Io piango et penso et dico exanimato:
?La Luna mia di stelle un altro choro
offusca, et altro cielo hor fa beato.
E forse dice: O si per suo ristoro
fusse con noi hor quello sconsolato! –
Et in questo respiro inseme et moro
Cariteo, Endimione, son. CXXXI, vv.9-14
«Dal punto di vista tematico e strutturale, la storia di Endimione e della Luna costituisce l'elemento aggregante del canzoniere scandito dalle varie indicazioni cronologiche dell'amore per Luna, dal ritornare dei giochi sul nome di Luna e dei versi, spesso bellissimi, dedicati ai notturni, al sonno e al sogno»:[22]
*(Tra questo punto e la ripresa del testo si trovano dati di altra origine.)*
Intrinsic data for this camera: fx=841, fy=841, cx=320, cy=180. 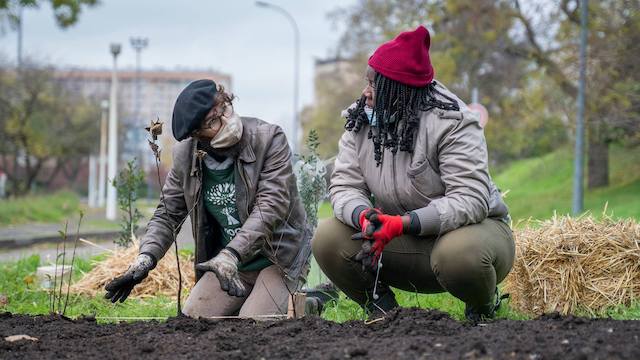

Il poeta talvolta si paragona a Endimione, che certo è più fortunato nel suo amore per la Luna, mentre il poeta è spesso tormentato dall'infelicità dell'assenza della donna che estingue anche la vena poetica.
Quest'è, s' io non mi inganno, il bel balcone
ch'era sì chiaro e lucido da primo,
hor con oscurità morte portende;
sotto il qual l'infelice Endimione
solea, rivolto al ciel, cantare in rima
quella beltà, ch'al primo cielo splende.
Hor più non vi s'intende
Lyra, né voce alcuna.
Rotta giace e spezzata omai la lira,
la voce è morta, e l'ombra hor qui sospira
eternamente, e piange l'aurea luna.
Cariteo, Endimione, canz. XI, vv.1-11
L'invocazione del nome della donna amata si confonde, in un sofisticato gioco di parole, con la preghiera alla creatura celeste, chiamata a diffondere dall'alto del cielo la freschezza dei suoi raggi sull'ardore della passione amorosa del poeta:
Costei che mia vita benigna et ria fortuna,
et la mia vita, et morte tene in mano,
per cui tanti suspiri spargo in vano,
è con iusta cagion chiamata Luna,
e non sol perché nel mondo è sola et una,
et ha divino il volto più che humano,
ma perché basta ad agghiacciar Vulcano,
quando tutte le fiamme inseme aduna.
Fu preso il suo candor da l'alto cielo,
ov'è la lattea via del paradiso
non nota a la volgare et cieca gente.
Quanti col raggio tocca, muta in gelo,
ma 'l scintillare e fulgora del viso
me, misero!, converte in fiamma ardente.
Cariteo, Endimione, son. XXIII
Un canto originale e certo fuori dal coro dei 'poeti laureati' è rappresentato da Domenico di Giovanni detto il Burchiello, il barbiere di Calimala, poeta antimediceo vissuto e morto a Firenze nel 1449, autore di una raccolta di sonetti caudati in volgare[23] che, inserendosi nella tradizione comico-realistica, danno vita a un modo alquanto originale di far poesia, il cosiddetto «rimare alla burchia». Questa singolarissima esperienza poetica, caratterizzata dall'accumulazione all'apparenza caotica e paradossale di soggetti disparati e da un lessico bizzarro e spesso criptico, si distingue per gli effetti clamorosi di nonsense, spesso accompagnati da una precisa volontà allusiva di carattere osceno ed erotico. È una poesia ludica, giocosa, fatta di 'parole in libertà' che mescola tradizione classica e popolare, satira politica e riflessioni sulla vita quotidiana.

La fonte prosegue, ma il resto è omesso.